Pathway methylation in incident disease. From Ziemann et al, 2024.

Most were identified in chronic and progressive conditions like heart disease, chronic obstructive pulmonary disease, type-2 diabetes and chronic kidney disease, where metabolic and physiological changes in early disease can be detected. However we also observed associations with other conditions including cancers of the prostate, ovary, lung and breast. With further work, the incident pathways identified could become the basis for a liquid biopsy early warning system for common disease.

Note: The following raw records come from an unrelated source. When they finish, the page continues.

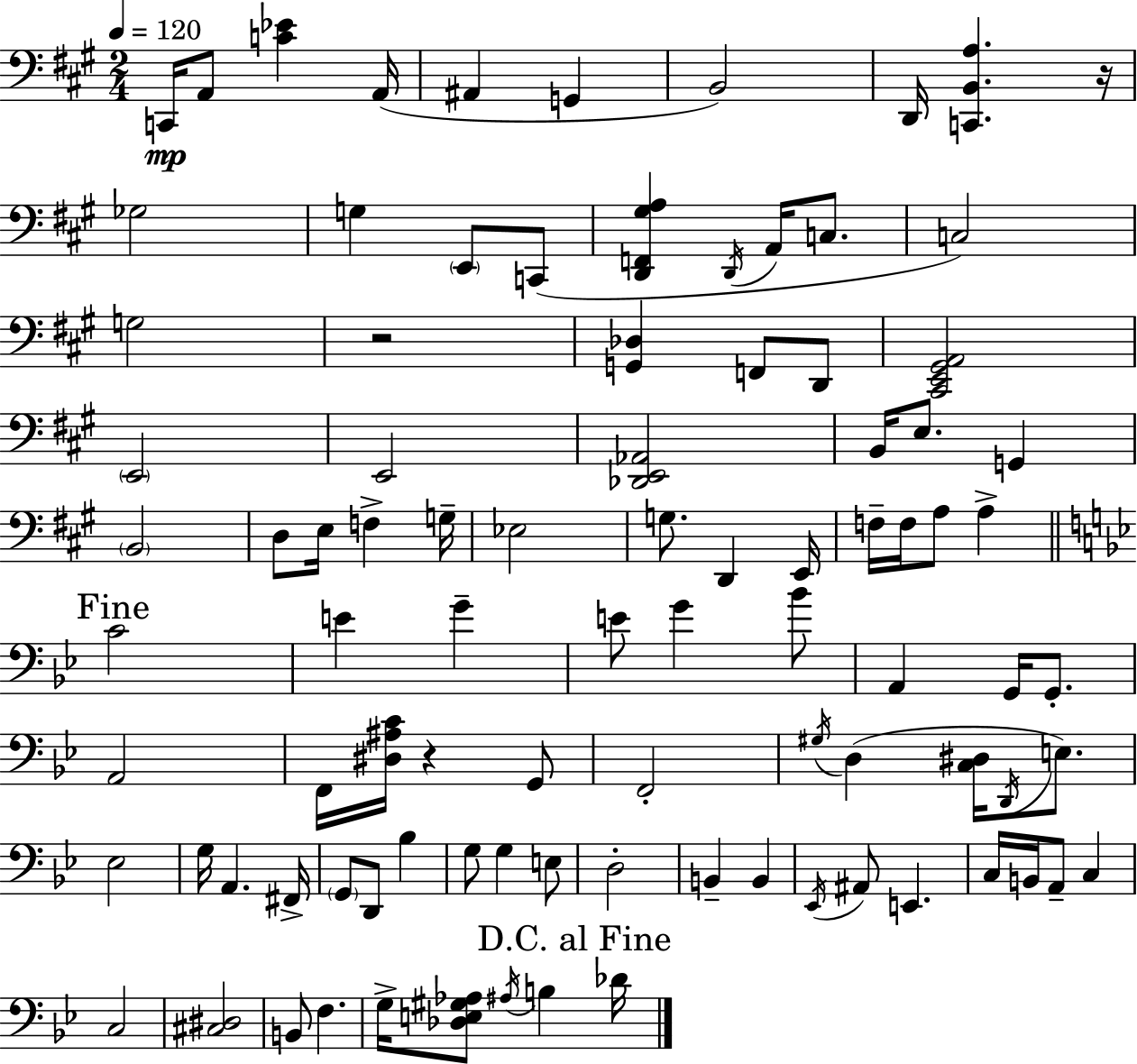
X:1
T:Untitled
M:2/4
L:1/4
K:A
C,,/4 A,,/2 [C_E] A,,/4 ^A,, G,, B,,2 D,,/4 [C,,B,,A,] z/4 _G,2 G, E,,/2 C,,/2 [D,,F,,^G,A,] D,,/4 A,,/4 C,/2 C,2 G,2 z2 [G,,_D,] F,,/2 D,,/2 [^C,,E,,^G,,A,,]2 E,,2 E,,2 [_D,,E,,_A,,]2 B,,/4 E,/2 G,, B,,2 D,/2 E,/4 F, G,/4 _E,2 G,/2 D,, E,,/4 F,/4 F,/4 A,/2 A, C2 E G E/2 G _B/2 A,, G,,/4 G,,/2 A,,2 F,,/4 [^D,^A,C]/4 z G,,/2 F,,2 ^G,/4 D, [C,^D,]/4 D,,/4 E,/2 _E,2 G,/4 A,, ^F,,/4 G,,/2 D,,/2 _B, G,/2 G, E,/2 D,2 B,, B,, _E,,/4 ^A,,/2 E,, C,/4 B,,/4 A,,/2 C, C,2 [^C,^D,]2 B,,/2 F, G,/4 [_D,E,^G,_A,]/2 ^A,/4 B, _D/4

With this work, we hope to reinvigorate the methodologies used in EWAS so that researchers can extract the greatest amount of information possible from their valuable data sets.

We have made the tool available as a Shiny web application here. Download and run the docker image according to the README and then in the browser you can upload the entire limma differential methylation table together with gene sets of your choice and it will run LAM for you!

Bibliography

Birney E, Smith GD, Greally JM. Epigenome-wide Association Studies and the Interpretation of Disease -Omics. PLoS Genet. 2016 Jun 23;12(6):e1006105. doi: 10.1371/journal.pgen.1006105. PMID: 27336614; PMCID: PMC4919098.

Hillary RF, McCartney DL, Smith HM, Bernabeu E, Gadd DA, Chybowska AD, Cheng Y, Murphy L, Wrobel N, Campbell A, Walker RM, Hayward C, Evans KL, McIntosh AM, Marioni RE. Blood-based epigenome-wide analyses of 19 common disease states: A longitudinal, population-based linked cohort study of 18,413 Scottish individuals. PLoS Med. 2023 Jul 6;20(7):e1004247. doi: 10.1371/journal.pmed.1004247. PMID: 37410739; PMCID: PMC10325072.

Hong G, Zhang W, Li H, Shen X, Guo Z. Separate enrichment analysis of pathways for up- and downregulated genes. J R Soc Interface. 2013 Dec 18;11(92):20130950. doi: 10.1098/rsif.2013.0950. PMID: 24352673; PMCID: PMC3899863.

Kaspi A, Ziemann M. mitch: multi-contrast pathway enrichment for multi-omics and single-cell profiling data. BMC Genomics. 2020 Jun 29;21(1):447. doi: 10.1186/s12864-020-06856-9. PMID: 32600408; PMCID: PMC7325150.

Maksimovic J, Oshlack A, Phipson B. Gene set enrichment analysis for genome-wide DNA methylation data. Genome Biol. 2021 Jun 8;22(1):173. doi: 10.1186/s13059-021-02388-x. PMID: 34103055; PMCID: PMC8186068.

Ziemann M, Abeysooriya M, Bora A, Lamon S, Kasu MS, Norris MW, Wong YT, Craig JM. Direction-aware functional class scoring enrichment analysis of infinium DNA methylation data. Epigenetics. 2024 Dec;19(1):2375022. doi: 10.1080/15592294.2024.2375022. Epub 2024 Jul 5. PMID: 38967555.